Local Americana/country artist Mel Washington hasn't released a full-length solo album in five years. That changes with upcoming disc "Feast or Famine," which features 10 songs Washington has spent his time meticulously crafting over the last half-decade as a follow-up to 2013's "Houses."
"I just wanted to be sure that I was telling the right narrative, ya know? — to be sure that I was being unapologetically honest in the songwriting and that the records aren't crowded with unnecessary things sonically," he says.
One day ahead of its release across streaming platforms, a new song from "Feast or Famine" premieres on Charleston Scene.
This track, along with the others on the disc, was recorded with Charleston producer Wolfgang Zimmerman of Rialto Row.
"Whiskey River" is an emotional country ballad that features mood-setting slide guitar, twangy vocals and full harmonies. It's in the vein of some seriously talented country crooners, like South Carolina's own Darius Rucker, Billy Currington or Jake Owen.
"I actually wrote 'Whiskey River' on the rooftop of what used to be Soulshine Pizza Factory in Nashville, Tenn., with my good friend, Olivia Burnette," Washington says. "At the time, I was homeless, which I allude to in the second verse of the song, and it was one of those songs that, as we were writing, I looked at her and said, 'I think we might have something very special here.' "

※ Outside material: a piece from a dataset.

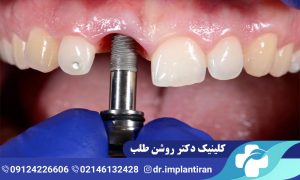 ایمپلنت فک بالا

That was in 2015. Washington recorded a few track demos before getting in the studio with Zimmerman to create the album version.
For the other songs on "Feast or Famine," Washington collaborated with a variety of singer-songwriters, including Susto's Justin Osborne. He was inspired by simple conversations while crafting his narrative.
"I think folks like Shovels & Rope and Susto have really encapsulated well what South Carolina life is like," Washington says. "That's important to me."
Washington has a rich local music history. He was a guitarist in Charleston band All Get Out, an indie-alternative band on Equal Vision Records led by Nathan Hussey. However, he prefers being in control of his vision, though he does miss the camaraderie that comes with a full band versus a one-man act.
"Playing in All Get Out was a blast and something I miss occasionally, but truthfully, it was a bit of a prison," Washington says. "I'm liberated now. In some ways, it's a lot less pressure, because I get to make the decisions on how much I tour and what those tours look like. In other ways, it's a lot more pressure, because I'm the center of attention, and at most shows, I'm the only one on stage."
For larger projects down the road, Washington has partnered with Uber during the Country Music Awards Festival in Nashville through the company's Music Movers program.
He's also launched an alcohol-free hopped cold brew coffee brand called BE and is finishing up the GoFundMe fundraising campaign to pay for the rest of "Feast or Famine," which, for now, is slated to be released in the fall.